Kuralları Olan Bir Oyun Geleneği
Bu geleneksel oyunlarda, kesin kurallar söz konusudur: Oyuncular hoplamaz, zıplamaz; dizleri aşırı bükmez; göbek ya da gerdan oynatmaz. Gövde dik durur, hareketler yumuşak ve ritmiktir. Eller ve dizler arasında uyum içinde yapılan küçük ama etkili figürlerle oyun sürdürülür. Oyunu hem erkekler hem de erkek kıyafetiyle kadınlar icra eder.
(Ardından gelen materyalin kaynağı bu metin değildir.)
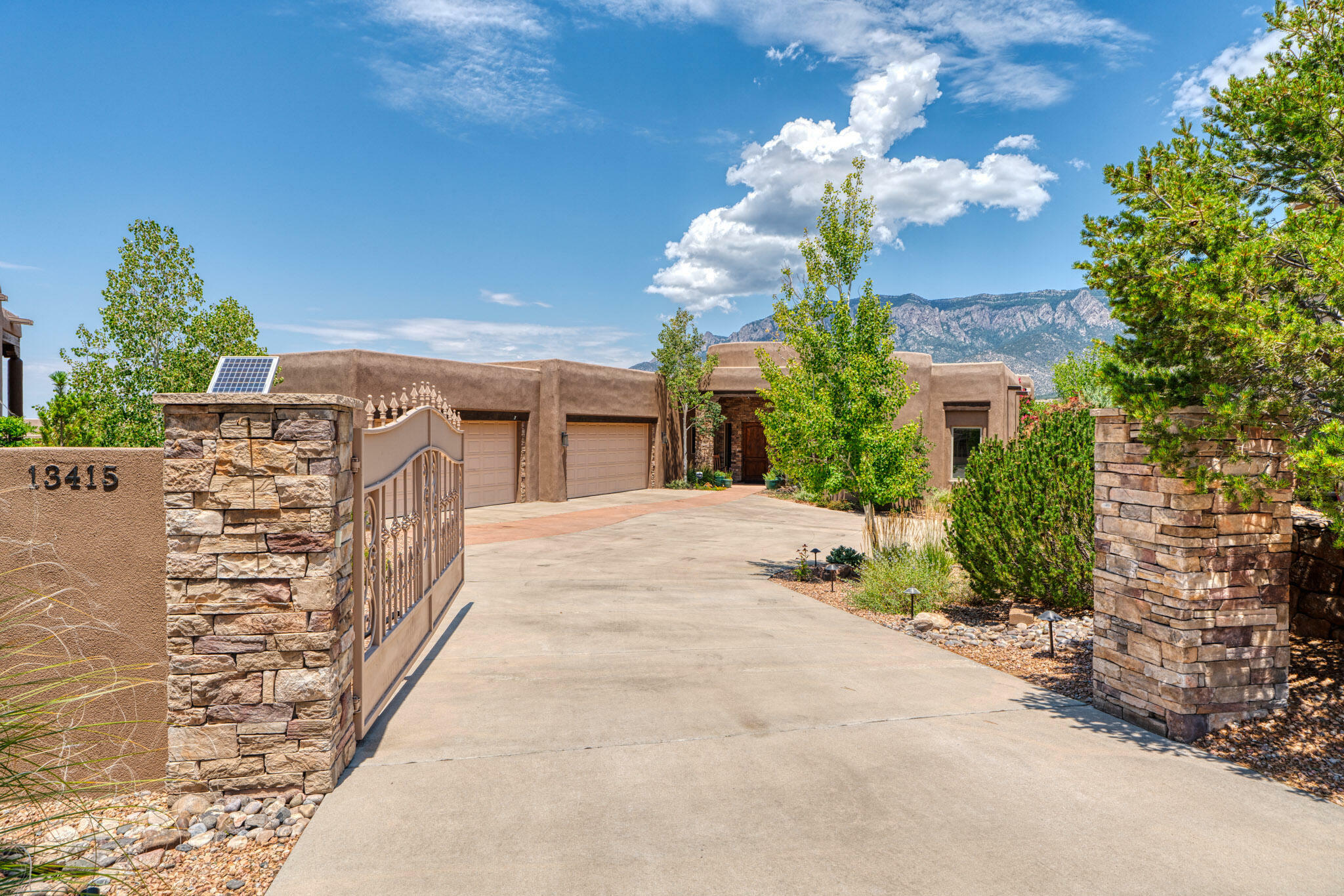 Property Photo:  13415 Embudito View Court NE  NM 87111 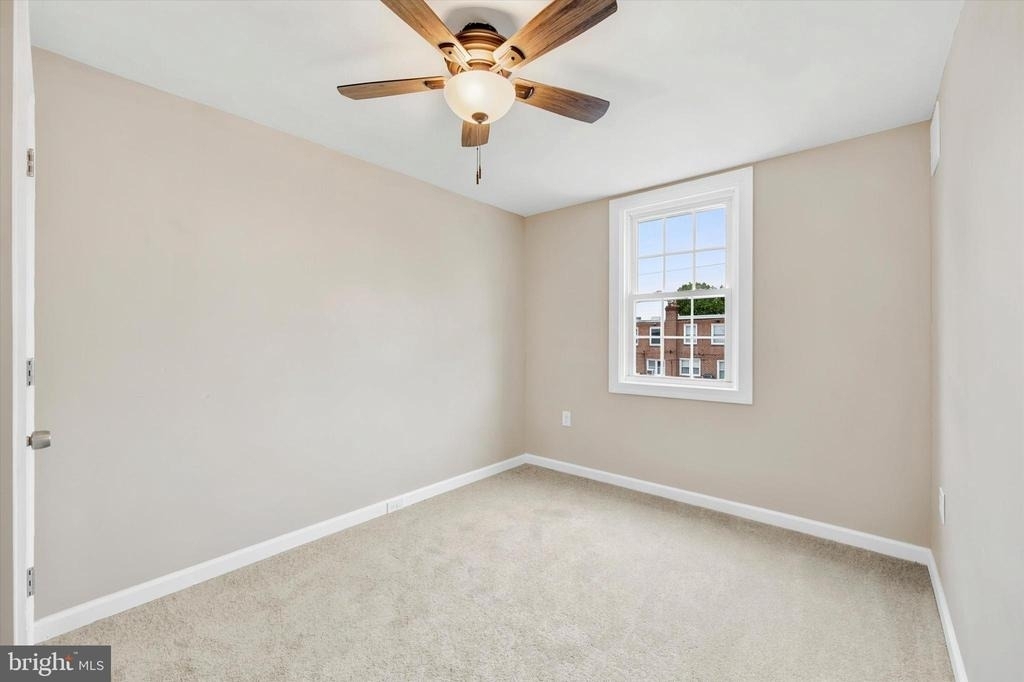 925 Maple Avenue - Photo 14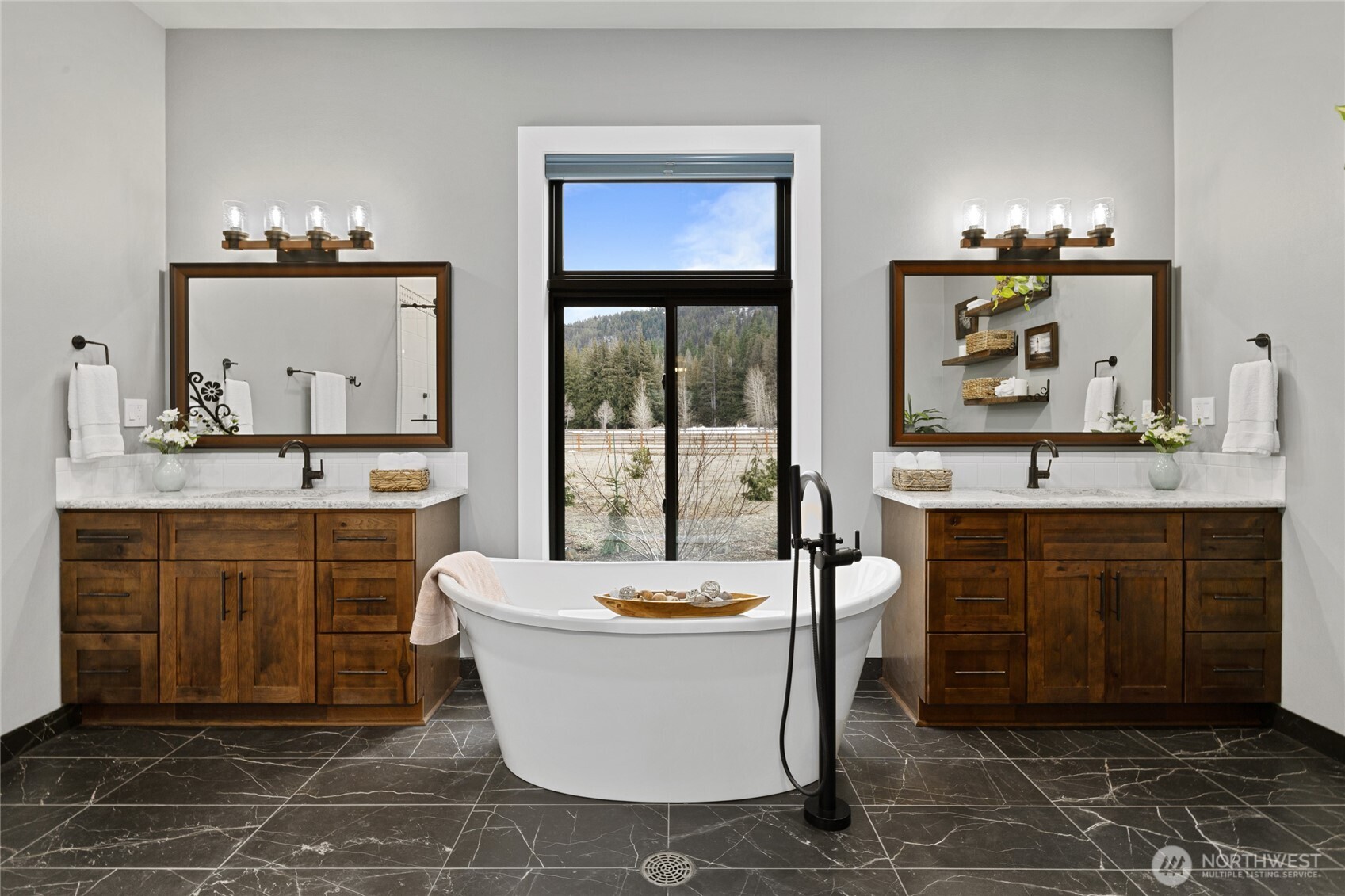 1550 Old Cedars Road , Cle Elum, WA 98922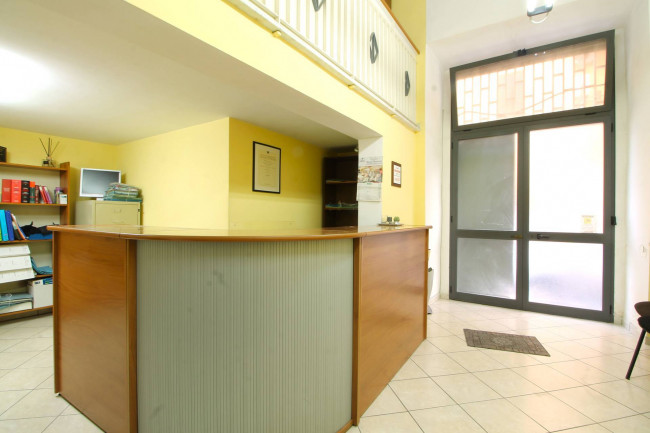 Locale commerciale in vendita a Napoli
Türkülerde Sevda, Ağırlık ve Zarafet Var
Afyonkarahisar’ın halk oyunlarına eşlik eden türküler de bölgenin ruhunu yansıtır. “Haydi Güzelim” gibi zeybek havaları, yiğitliğin ve zarafetin sembolüdür. “Dam Başına Asa Koymuş” ve “Hezin Hezin Gir Kapıdan” gibi türkülerde ise sevda, ayrılık, bekârlık sitemi ve halkın iç dünyası dile getirilir. Özellikle “Fadik Türküsü”, hem ezgisi hem sözleriyle halk arasında özel bir yere sahiptir.
Kültürel Bir Miras Yaşatılıyor
Afyonkarahisar’da halk oyunları, sadece geçmişin izlerini taşımakla kalmıyor, aynı zamanda bugünün kültürel mirasını da şekillendiriyor. Genç kuşaklar tarafından öğrenilen ve yaşatılan bu oyunlar, yöre halkının kimliğini oluşturan değerli birer miras niteliğinde.
“Gezsen Afyon, Dinlesen Bir Türküsünü, Oynasan Bir Zeybeğini…”
Afyonkarahisar’da halk oyunları, bir eğlenceden çok daha fazlasını ifade ediyor: Toplumsal hafızayı, kültürel sürekliliği ve geçmişten bugüne taşınan bir Anadolu geleneğini…
İşte bu yüzden, Afyonkarahisar’ı anlamak için sadece gezmek yetmez; bir türküsünü dinlemek, bir zeybeğini izlemek gerekir.